The interior of the Chapel has a varied history of its own. The oak pews in the nave are made from wood originally intended for Civil War gun carriages. The magnificent pulpit, brought from France, probably dates back to the mid-16th century and was painted bright red prior to its installation. The wood for the pews in the chancel, where the Choir and clergy are seated for services, comes from Sherwood Forest in England, and took 100 people over a year to carve. The statues adorning these pews represent scholars, teachers of the church, and figures in the history of music. The Chapel is also decorated with 25-foot silk paintings by Juanita Y. Kauffman. The Threshold paintings were commissioned for the University's 250th anniversary, and the Ascent: Blue River paintings were commissioned for and unveiled during the Pentecost of 1999. More of Juanita's work →

Many Princetonians are remembered in the Chapel's stained-glass windows, in engravings on the pews, on memorial stones on the walls, on the silver communion chalices, in memorial hymnals, and on the furnishings. John Witherspoon, sixth president of the College, and the only clergyman to sign the Declaration of Independence, is pictured in the Great South Window (Christ the Teacher). The figure of James Madison, Witherspoon's student, is in the Window of the Law, high up in the south clerestory near the entrance of the Chapel. In the center of the chancel is the Great East Window (The Love of Christ).

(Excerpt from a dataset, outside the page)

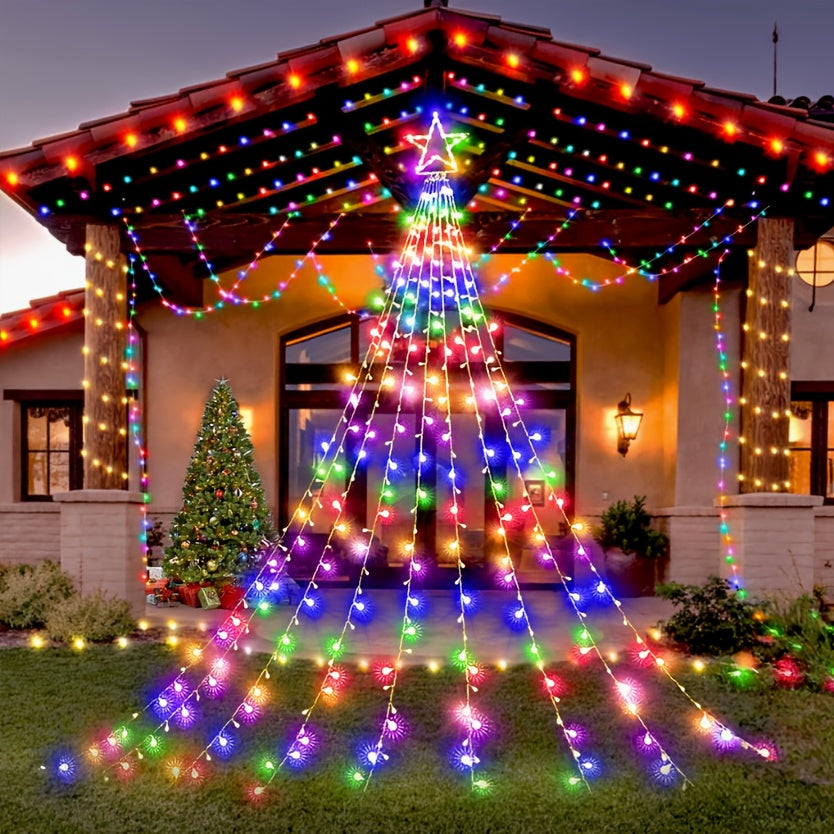 11 48 colorful christmas outdoor waterfall star shaped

The chancel is flanked by six bays of windows, the first two representing two psalms of David, and the remaining windows depicting cycles from four great Christian epics: Dante's Comedia, Malory's Le Morte d'Arthur, Milton's Paradise Lost, and Bunyan's Pilgrim's Progress.

Chapel Music

Organ and choral music are an important part of the Chapel program. They have both come a long way since the days when Yale's President Ezra Stiles declared the organ in Nassau Hall “an innovation of ill consequence” after a visit in 1770, and when John Adams, later president of the United States, reported after his visit to Princeton in 1774, “The Schollars sing as badly as the Presbyterians at New York.” For more than a hundred years after the University was founded, students were required to attend morning and evening prayers daily, and morning and afternoon services on Sunday. By 1915, all required attendance at weekday services was abolished, and in 1964, attendance at the Chapel service on Sundays was no longer required.

Chapel Choir has been an integral part of worship, especially in the present Chapel, and over the years, the Choir has evolved from a male chorus that sang sacred music of the Renaissance and Baroque eras to a mixed choir whose repertoire extends from Gregorian chant to jazz. The Choir is unique in being the only singing group on campus that is paid for its services; this factor was especially popular when Chapel attendance was required. Currently, the Choir sings for the ecumenical Christian service on Sunday mornings, and performs for special occasions including Opening Exercises, Baccalaureate, and the Service of Remembrance.